Computer users in many areas of scientific study appear to have an almost insatiable desire for processing power. Many of the computations exhibit a high degree of parallelism which is not exploited in conventional computer structures. Considerable interest has been shown in parallel computer architectures in the last decade in order to make use of this property. The two main approaches toward this goal have become known as SIMD (array processor) and MIMD (multiprocessor) architectures which are typified by the ILLIAC IV and the C.mmp systems respectively. It is not appropriate to describe these architectures in detail here, but it should be noted that a number of inadequacies have come to light as these systems have been applied to many problems.

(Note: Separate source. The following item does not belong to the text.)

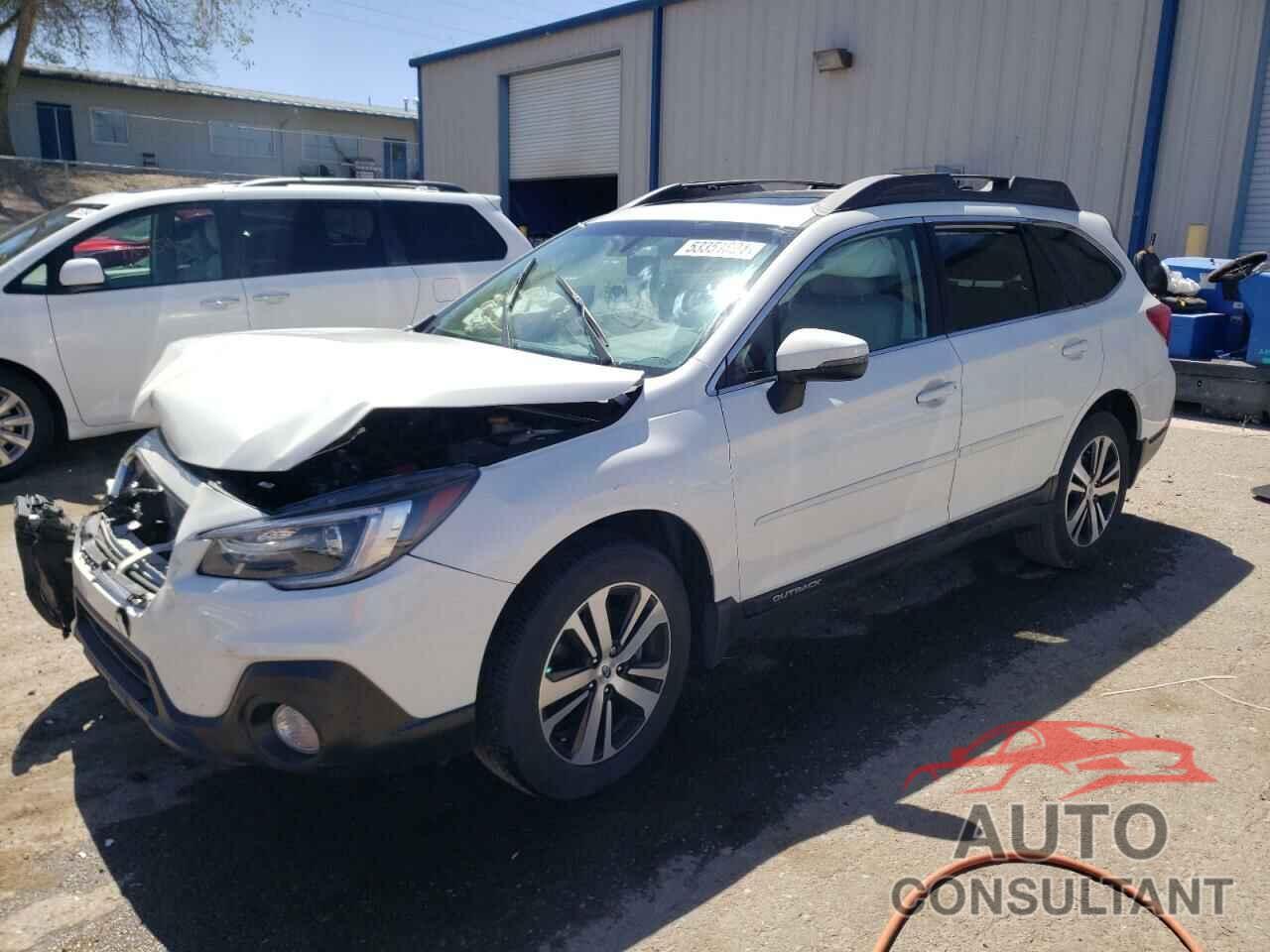 SUBARU OUTBACK 2018 - 4S4BSANC8J3347910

There are two basic difficulties which appear in both architectures in slightly different guises. The first concerns the arbitrary choice of a fixed number of processing units in an architecture (64 in the case of ILL lAC IV, 16 in the case ofC.mmp). The difficulty that is occasioned by this choice derives from the fact that it is often inconvenient, if not impossible, to organize the problem to be solved so that it is exactly the "width" of the architecture. The second problem arises when sections of essentially serial programs are processed. The problems in SIMD architecture are clear; in MIMD systems the difficulty usually appears when a critical area of memory becomes "locked-out" while many processors are trying to access it. Evidence is accumulating that relatively little of the potential speedup of SIMD and MIMD systems can actually be achieved for a broad spectrum of problems: Minsky's conjecture, 1 Flynn's analysis 2 and Enslow's view of operating system overheads in multiprocessors all attest to this opinion. More recently, interest has arisen in data driven computation for the expression of programs (known as Data Flow). A computation is expressed as a data dependent directed graph with nodes representing computational operations and the arcs representing the flow of data. The nodes become ready for execution when all their input data are available. The expression of parallelism in terms of data dependencies rather than in spite of them, leads to a far more natural and flexible picture of parallel program execution.